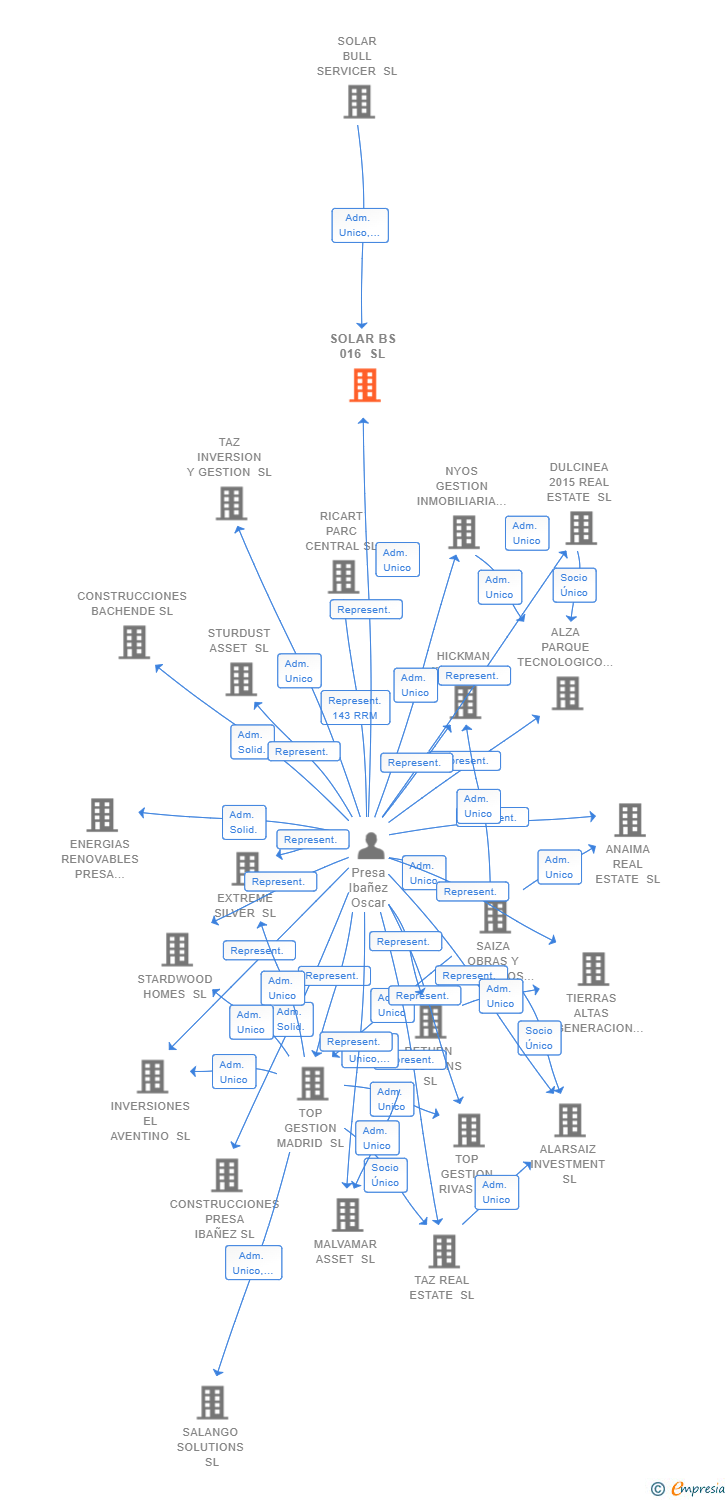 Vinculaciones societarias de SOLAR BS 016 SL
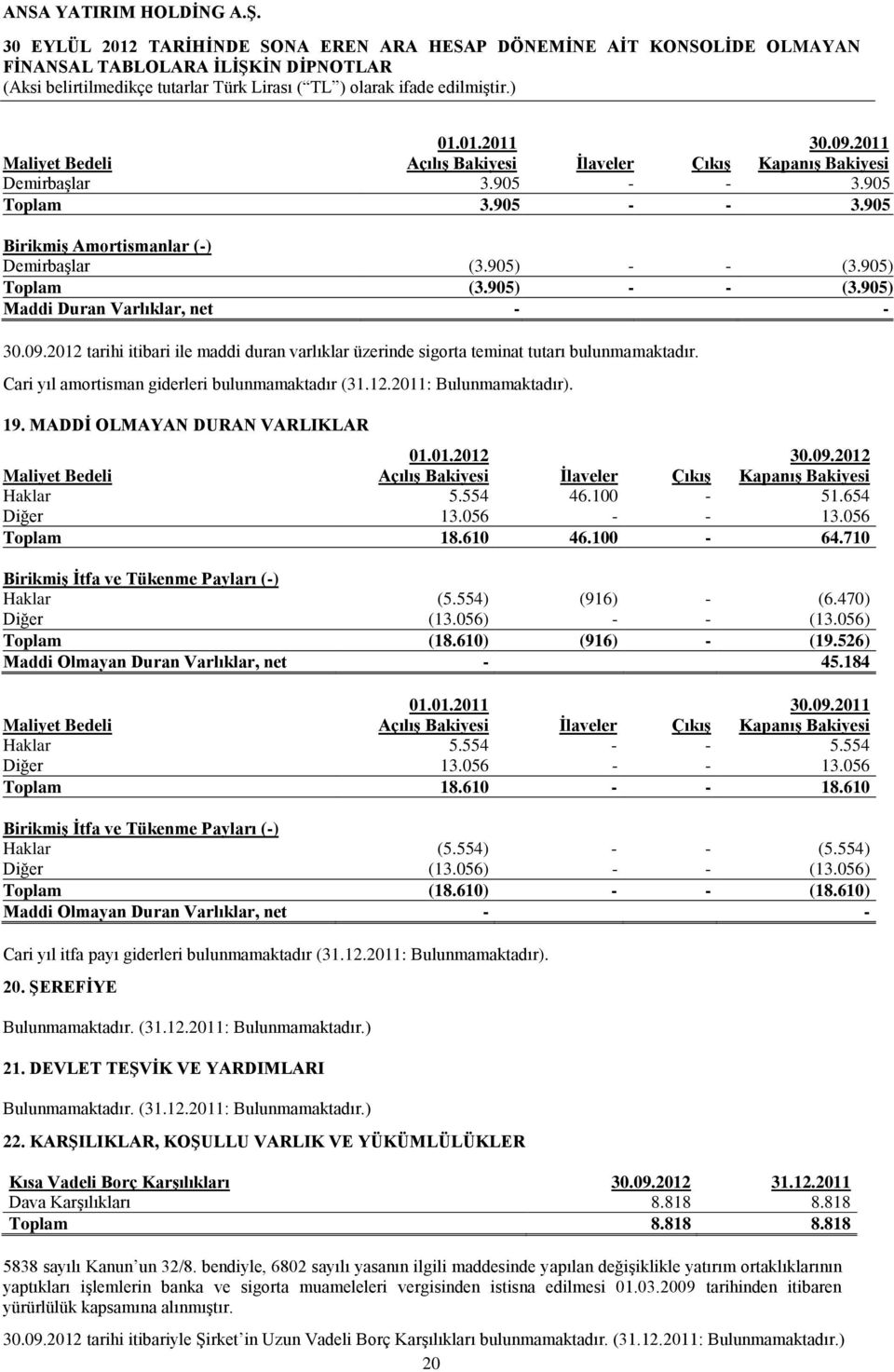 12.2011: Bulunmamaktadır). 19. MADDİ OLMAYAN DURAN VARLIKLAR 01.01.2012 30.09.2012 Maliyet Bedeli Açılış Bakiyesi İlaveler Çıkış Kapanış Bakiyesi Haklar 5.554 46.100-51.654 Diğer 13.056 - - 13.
==
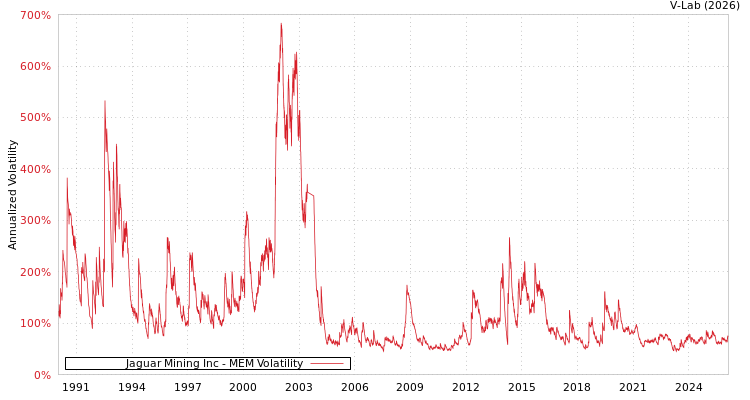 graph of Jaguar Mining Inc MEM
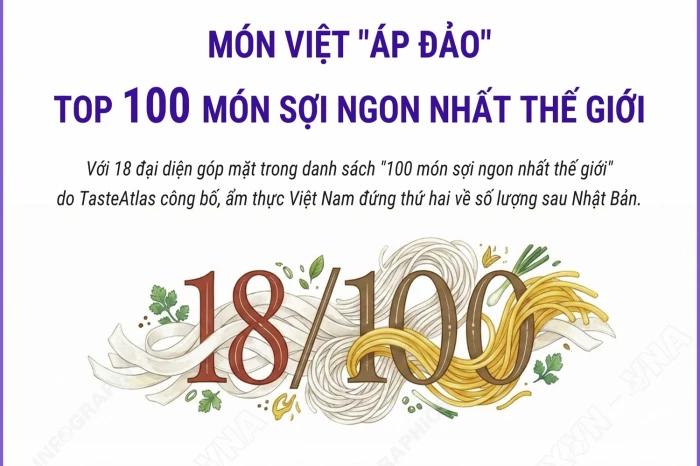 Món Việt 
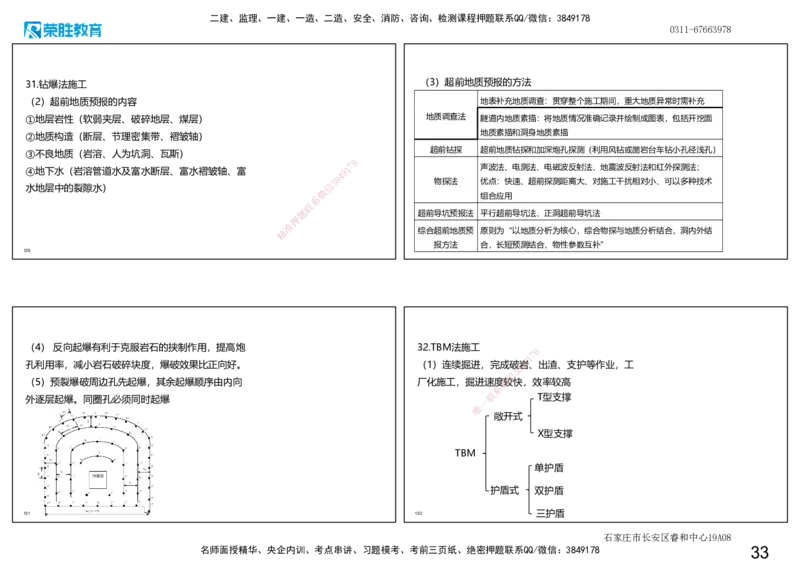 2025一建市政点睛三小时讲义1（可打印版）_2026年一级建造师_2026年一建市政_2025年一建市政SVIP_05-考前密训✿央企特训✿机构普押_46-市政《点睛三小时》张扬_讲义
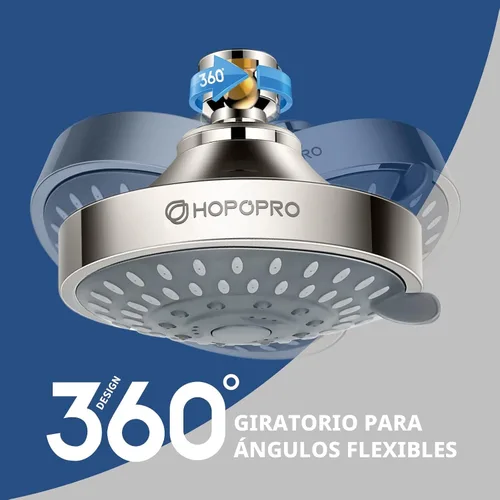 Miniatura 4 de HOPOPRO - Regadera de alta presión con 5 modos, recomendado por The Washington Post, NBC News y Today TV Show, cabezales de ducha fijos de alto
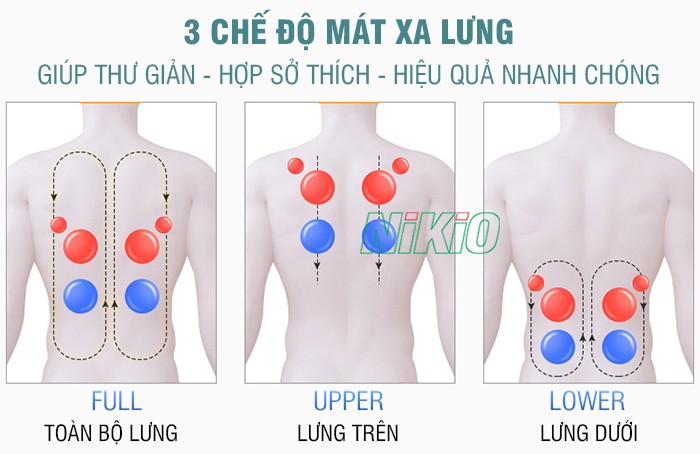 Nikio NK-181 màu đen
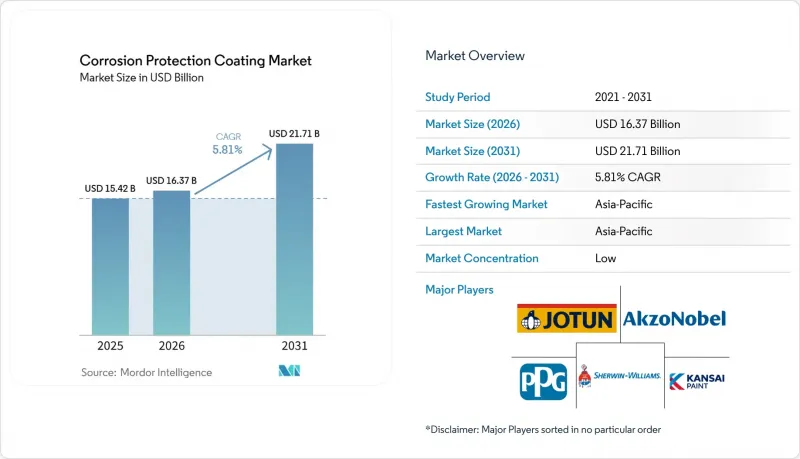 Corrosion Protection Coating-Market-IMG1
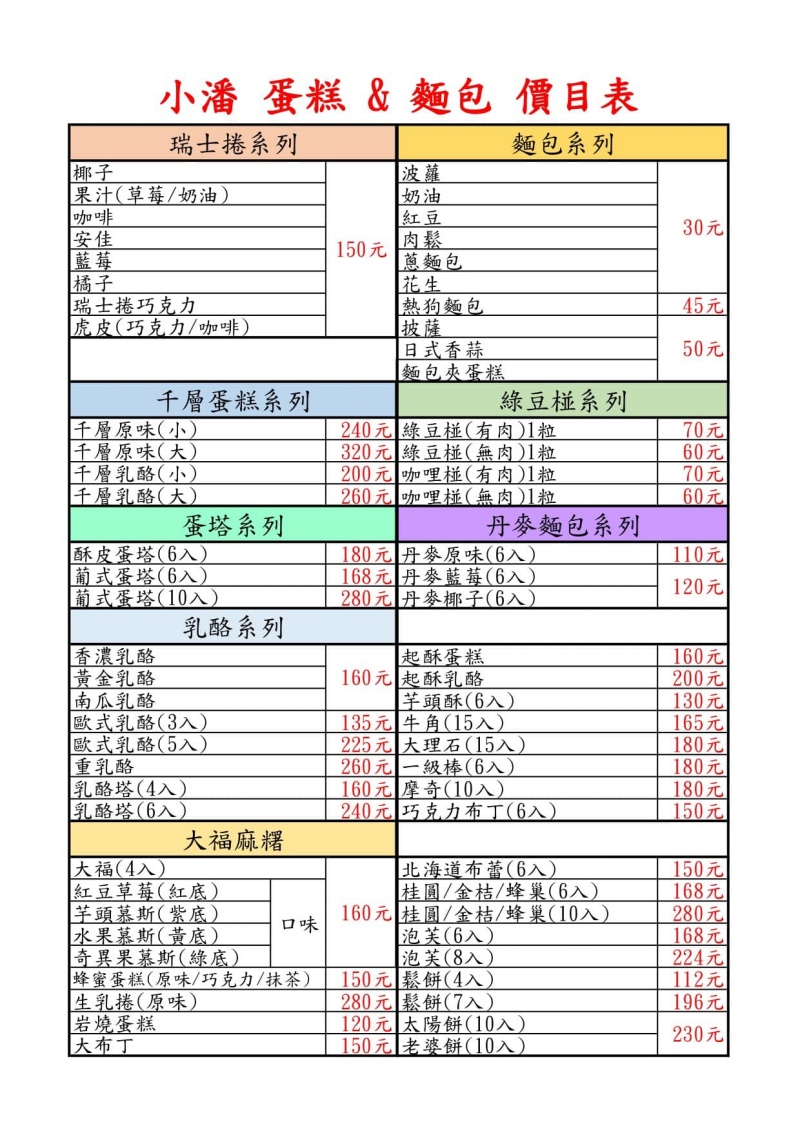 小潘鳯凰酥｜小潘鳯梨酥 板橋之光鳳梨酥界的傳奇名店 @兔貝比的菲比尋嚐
* * *
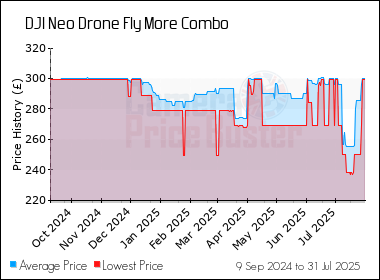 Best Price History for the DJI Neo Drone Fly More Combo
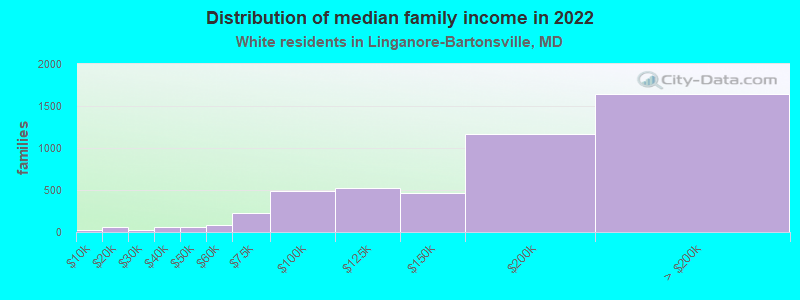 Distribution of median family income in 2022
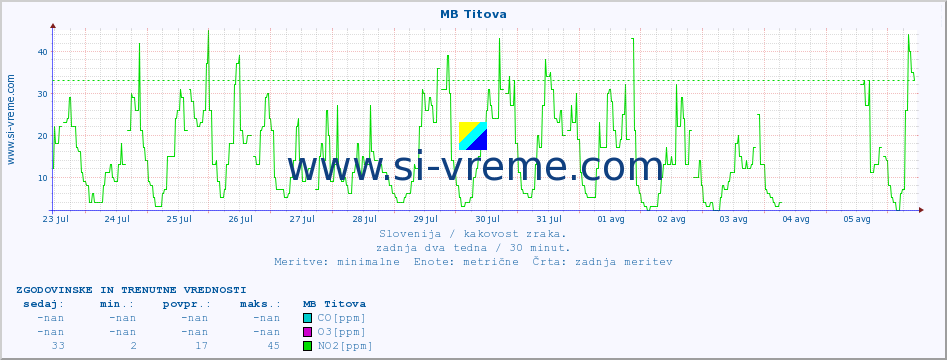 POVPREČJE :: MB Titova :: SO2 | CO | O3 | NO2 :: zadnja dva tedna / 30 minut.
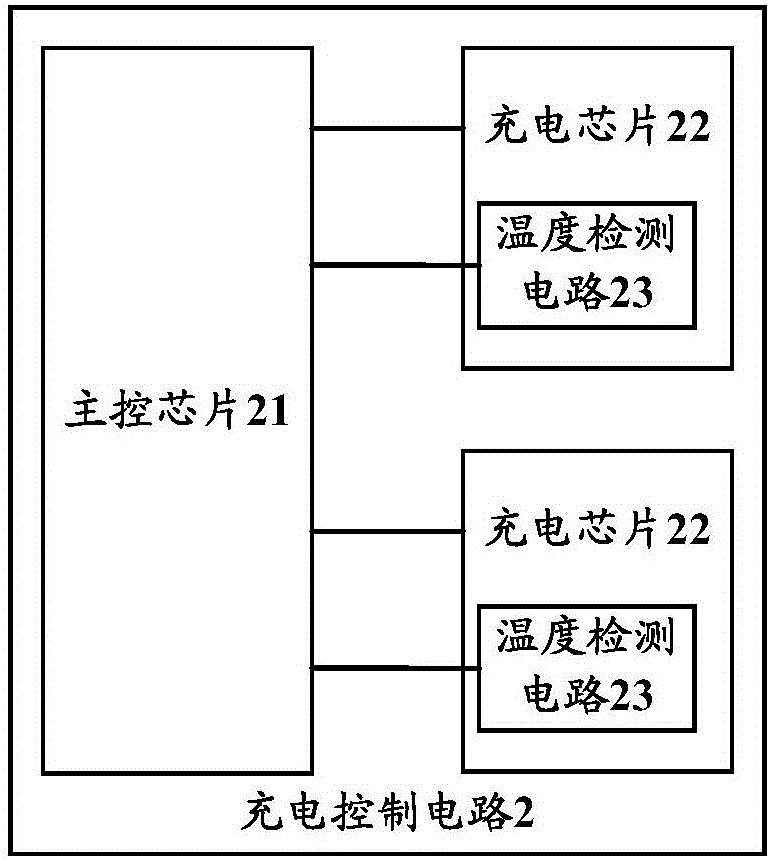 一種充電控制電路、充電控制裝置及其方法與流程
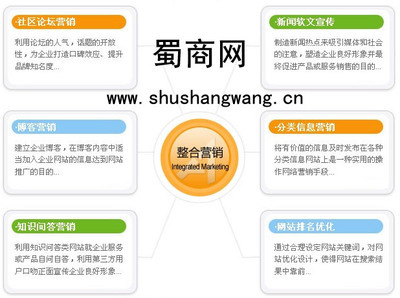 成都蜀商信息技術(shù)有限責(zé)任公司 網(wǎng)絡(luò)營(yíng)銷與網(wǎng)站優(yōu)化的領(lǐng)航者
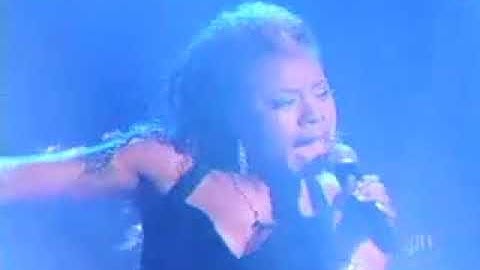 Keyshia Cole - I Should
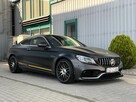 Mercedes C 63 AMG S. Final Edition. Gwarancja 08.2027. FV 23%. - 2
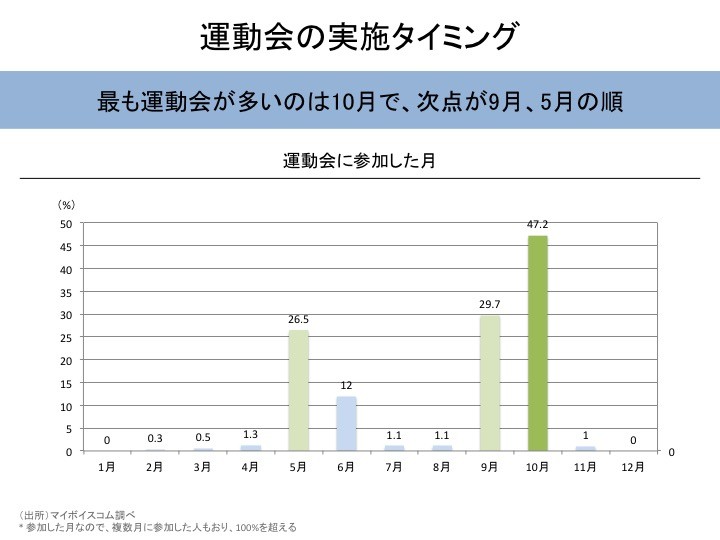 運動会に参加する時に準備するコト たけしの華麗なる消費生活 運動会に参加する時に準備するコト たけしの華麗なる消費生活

# WHAT THIS TASK INVOLVES:
Starting at the line with "一種充電控制電路、充電控制裝置及其方法與流程" and finishing at the line with "運動会に参加する時に準備するコト たけしの華麗なる消費生活 運動会に参加する時に準備するコト", copy the material above exactly, both lines included. Nothing else goes in, and no pictures.

# REPLY TO THE TASK:
 一種充電控制電路、充電控制裝置及其方法與流程
 成都蜀商信息技術(shù)有限責(zé)任公司 網(wǎng)絡(luò)營(yíng)銷與網(wǎng)站優(yōu)化的領(lǐng)航者
 Keyshia Cole - I Should
 Mercedes C 63 AMG S. Final Edition. Gwarancja 08.2027. FV 23%. - 2
 運動会に参加する時に準備するコト たけしの華麗なる消費生活 運動会に参加する時に準備するコト たけしの華麗なる消費生活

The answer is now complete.